From 6d1e9115774a8b0adcbda38786af3856fe57e452 Mon Sep 17 00:00:00 2001
From: Morgan Schweers <cyberfox@gmail.com>
Date: Thu, 13 Jul 2023 13:22:41 -0700
Subject: [PATCH] Add support for logits processors in extensions  (#3029)

---
 modules/extensions.py      | 13 +++++++++++--
 modules/text_generation.py |  8 ++++++++
 2 files changed, 19 insertions(+), 2 deletions(-)

diff --git a/modules/extensions.py b/modules/extensions.py
index 8705101a..faf6cf6d 100644
--- a/modules/extensions.py
+++ b/modules/extensions.py
@@ -106,15 +106,23 @@ def _apply_history_modifier_extensions(history):
     return history
 
 
-# Extension functions that override the default tokenizer output - currently only the first one will work
+# Extension functions that override the default tokenizer output - The order of execution is not defined
 def _apply_tokenizer_extensions(function_name, state, prompt, input_ids, input_embeds):
     for extension, _ in iterator():
         if hasattr(extension, function_name):
-            return getattr(extension, function_name)(state, prompt, input_ids, input_embeds)
+            prompt, input_ids, input_embeds = getattr(extension, function_name)(state, prompt, input_ids, input_embeds)
 
     return prompt, input_ids, input_embeds
 
 
+# Allow extensions to add their own logits processors to the stack being run.
+# Each extension would call `processor_list.append({their LogitsProcessor}())`.

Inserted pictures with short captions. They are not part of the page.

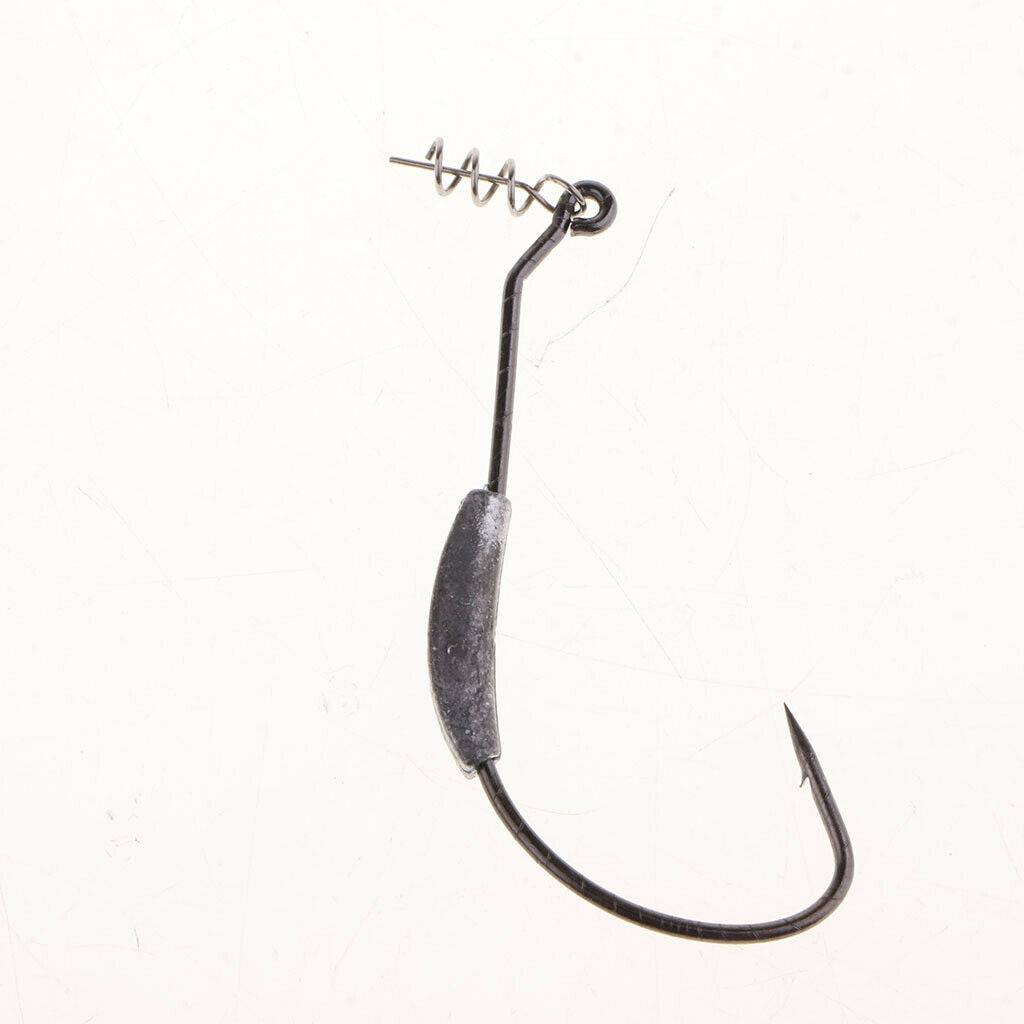 50pcs Weighted Superline Spring Hook with Centering Pin for Rigging Baits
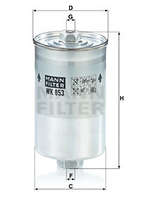 Фильтр топливный Audi 100 Gaz Mann-WK853= Mann-WK8341= vag-893133511= Mahle-KL88= Filtron-PP825
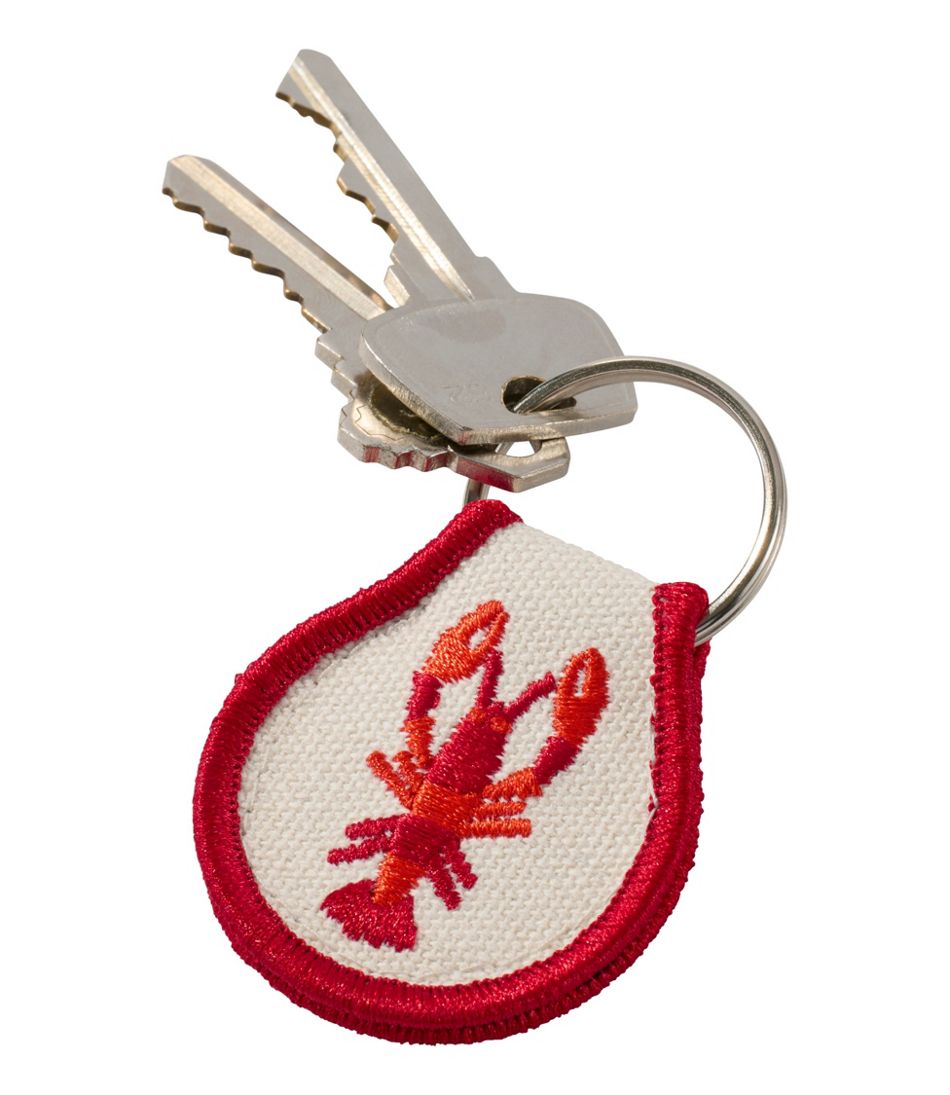 Embroidered Patch Charm, Lobster | L.L.Bean online
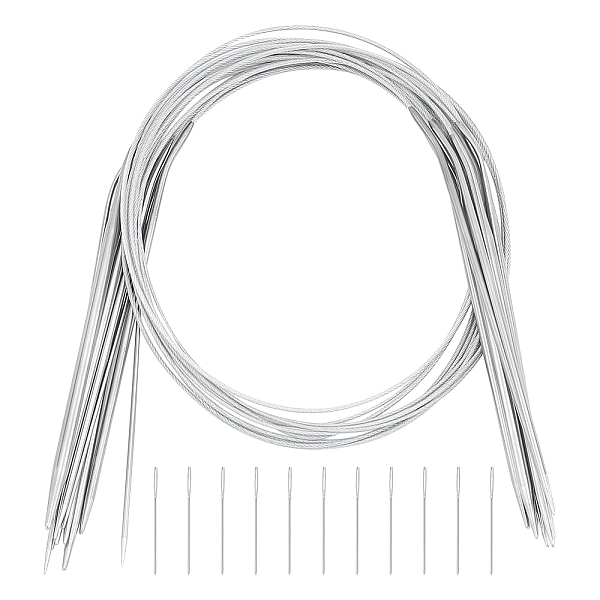 PandaHall UNICRAFTALE 11Pcs 78.3~79.9cm Circular Knitting Needles Set Stainless Steel Circular Needles Large Eye Yarn Needles 1.5-5mm Metal...
PandaHall UNICRAFTALE 11Pcs 78.3~79.9cm Circular Knitting Needles Set Stainless Steel Circular Needles Large Eye Yarn Needles 1.5-5mm Metal...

+def _apply_logits_processor_extensions(function_name, processor_list, input_ids):
+    for extension, _ in iterator():
+        if hasattr(extension, function_name):
+            getattr(extension, function_name)(processor_list, input_ids)
+
+
 # Get prompt length in tokens after applying extension functions which override the default tokenizer output
 # currently only the first one will work
 def _apply_custom_tokenized_length(prompt):
@@ -183,6 +191,7 @@ EXTENSION_MAP = {
     "history": _apply_history_modifier_extensions,
     "bot_prefix": partial(_apply_string_extensions, "bot_prefix_modifier"),
     "tokenizer": partial(_apply_tokenizer_extensions, "tokenizer_modifier"),
+    'logits_processor': partial(_apply_logits_processor_extensions, 'logits_processor_modifier'),
     "input_hijack": _apply_input_hijack,
     "custom_generate_chat_prompt": _apply_custom_generate_chat_prompt,
     "custom_generate_reply": _apply_custom_generate_reply,
diff --git a/modules/text_generation.py b/modules/text_generation.py
index b7f6edf3..566c2f55 100644
--- a/modules/text_generation.py
+++ b/modules/text_generation.py
@@ -8,6 +8,7 @@ import traceback
 import numpy as np
 import torch
 import transformers
+from transformers import LogitsProcessorList
 
 import modules.shared as shared
 from modules.callbacks import (
@@ -264,6 +265,13 @@ def generate_reply_HF(question, original_question, seed, state, stopping_strings
     generate_params['stopping_criteria'] = transformers.StoppingCriteriaList()
     generate_params['stopping_criteria'].append(_StopEverythingStoppingCriteria())
 
+    processor = state.get('logits_processor', LogitsProcessorList([]))
+    # In case folks just pass in a processor by itself.
+    if type(processor) != LogitsProcessorList:
+        processor = LogitsProcessorList([processor])
+    apply_extensions('logits_processor', processor, input_ids)
+    generate_params['logits_processor'] = processor
+
     t0 = time.time()
     try:
         if not is_chat and not shared.is_seq2seq: